What to work on:
Work through the data below and give the number of lines holding the word "your", without any other text.
BEGIN Information supplied
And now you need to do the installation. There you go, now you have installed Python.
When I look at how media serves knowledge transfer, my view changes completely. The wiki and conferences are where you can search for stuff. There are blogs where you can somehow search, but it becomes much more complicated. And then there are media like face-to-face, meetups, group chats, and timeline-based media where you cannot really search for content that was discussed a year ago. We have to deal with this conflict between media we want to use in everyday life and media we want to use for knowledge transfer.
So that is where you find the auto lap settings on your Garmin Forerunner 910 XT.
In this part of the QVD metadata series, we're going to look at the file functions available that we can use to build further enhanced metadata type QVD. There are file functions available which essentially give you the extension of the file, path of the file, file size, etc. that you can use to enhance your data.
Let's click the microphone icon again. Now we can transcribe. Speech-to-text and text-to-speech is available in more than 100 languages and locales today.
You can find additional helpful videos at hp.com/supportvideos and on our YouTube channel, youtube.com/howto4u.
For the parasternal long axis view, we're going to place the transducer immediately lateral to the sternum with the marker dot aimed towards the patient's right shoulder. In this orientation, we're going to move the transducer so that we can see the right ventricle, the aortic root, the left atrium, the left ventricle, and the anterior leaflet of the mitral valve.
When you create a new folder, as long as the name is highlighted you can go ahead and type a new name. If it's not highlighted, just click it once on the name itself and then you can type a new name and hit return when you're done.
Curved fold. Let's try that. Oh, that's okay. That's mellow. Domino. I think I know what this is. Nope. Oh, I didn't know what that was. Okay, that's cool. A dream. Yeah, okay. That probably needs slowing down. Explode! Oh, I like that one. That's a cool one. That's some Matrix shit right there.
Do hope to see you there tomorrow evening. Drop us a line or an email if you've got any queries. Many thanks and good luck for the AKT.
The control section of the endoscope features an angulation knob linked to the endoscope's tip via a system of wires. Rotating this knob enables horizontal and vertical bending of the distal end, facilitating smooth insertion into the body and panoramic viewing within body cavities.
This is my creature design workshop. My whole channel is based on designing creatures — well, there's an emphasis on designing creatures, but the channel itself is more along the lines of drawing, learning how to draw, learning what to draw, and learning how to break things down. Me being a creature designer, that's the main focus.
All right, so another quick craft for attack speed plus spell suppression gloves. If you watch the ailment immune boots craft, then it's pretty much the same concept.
END Information supplied
Response area:
2